◆ EXERCISE REQUIREMENTS:
Leaving out the images, reproduce every line of the data that follows exactly.

◆ DATA:

*-*-*

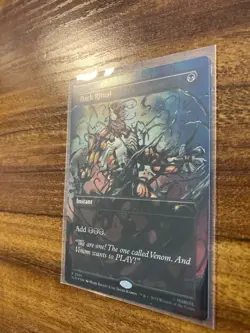 MTG✨DARK RITUAL Brdless 🌈FOIL✨SLD Marvel’s Spider-Man VENOM (Colors) MINT RARE - Image 4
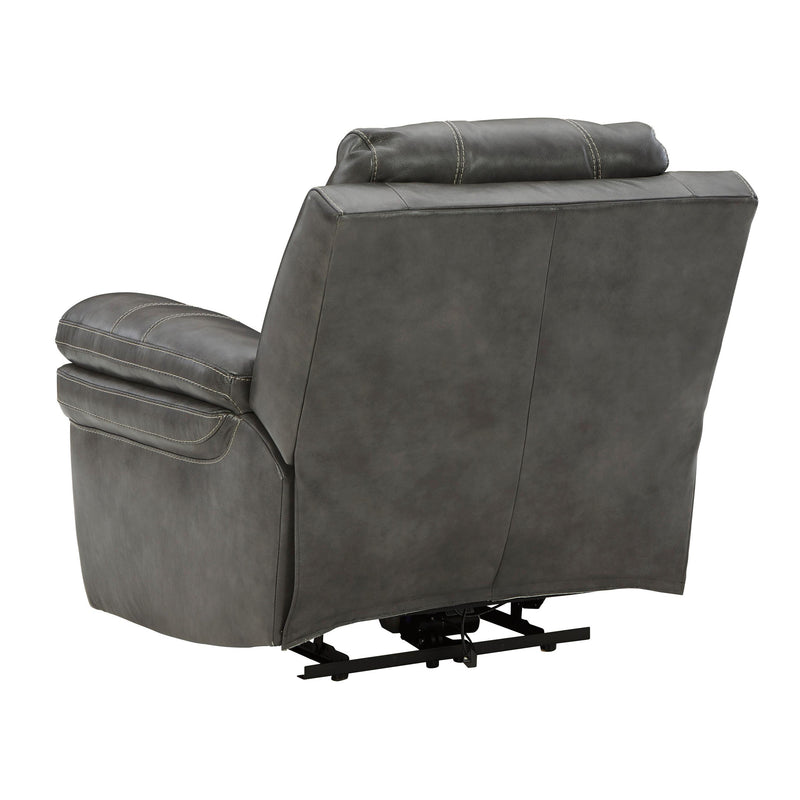 Signature Design by Ashley Edmar Power Leather Match Recliner U6480613 IMAGE 5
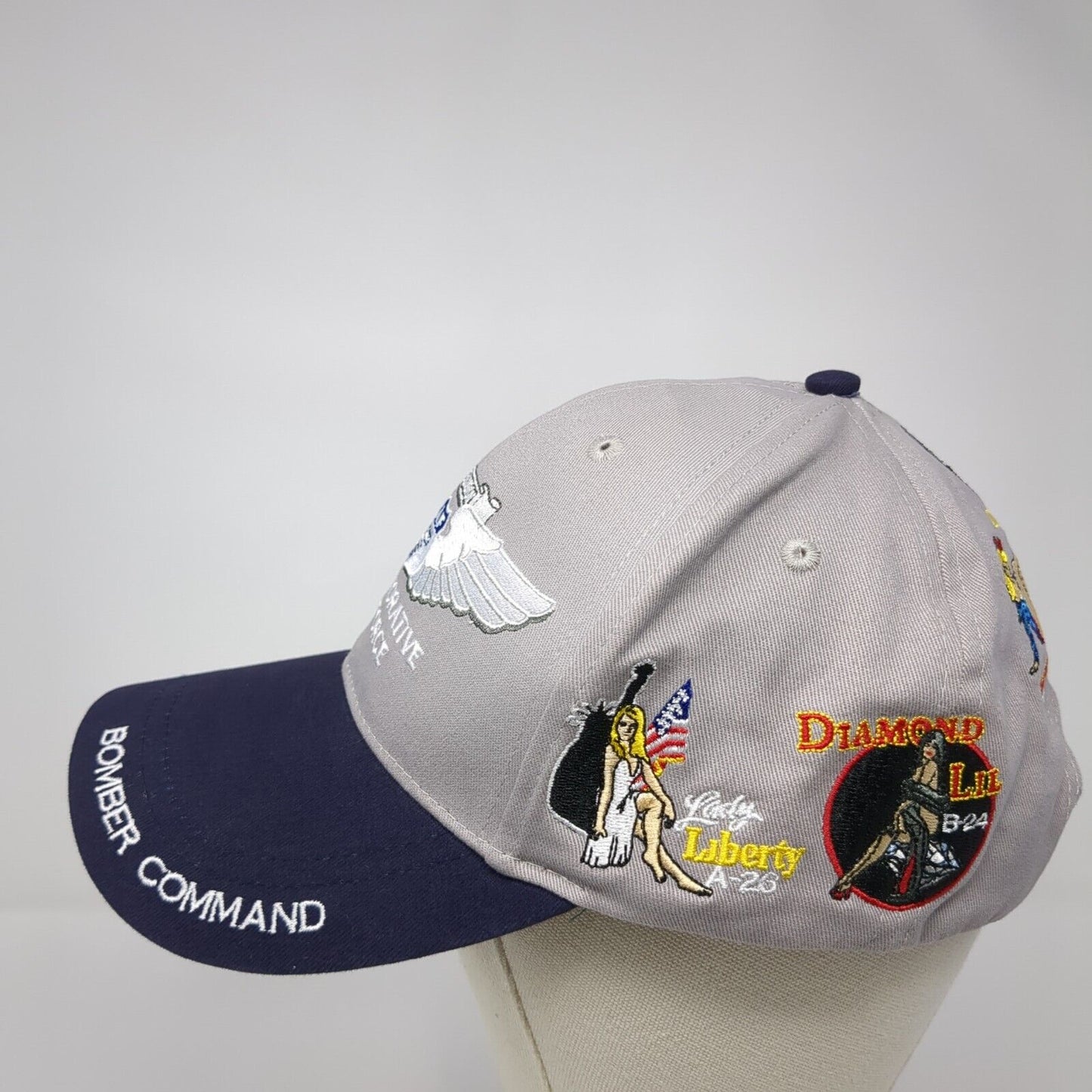 Ghost Squadron CAF Bomber Command Strapback Hat Gray OS Adjustable Embroidered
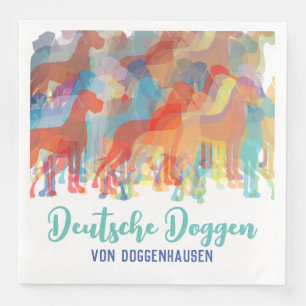 Serviette En Papier Serviettes Grand Danois élégant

*-*-*

◆ FINAL ANSWER:
 MTG✨DARK RITUAL Brdless 🌈FOIL✨SLD Marvel’s Spider-Man VENOM (Colors) MINT RARE - Image 4
 Signature Design by Ashley Edmar Power Leather Match Recliner U6480613 IMAGE 5
 Ghost Squadron CAF Bomber Command Strapback Hat Gray OS Adjustable Embroidered
 Serviette En Papier Serviettes Grand Danois élégant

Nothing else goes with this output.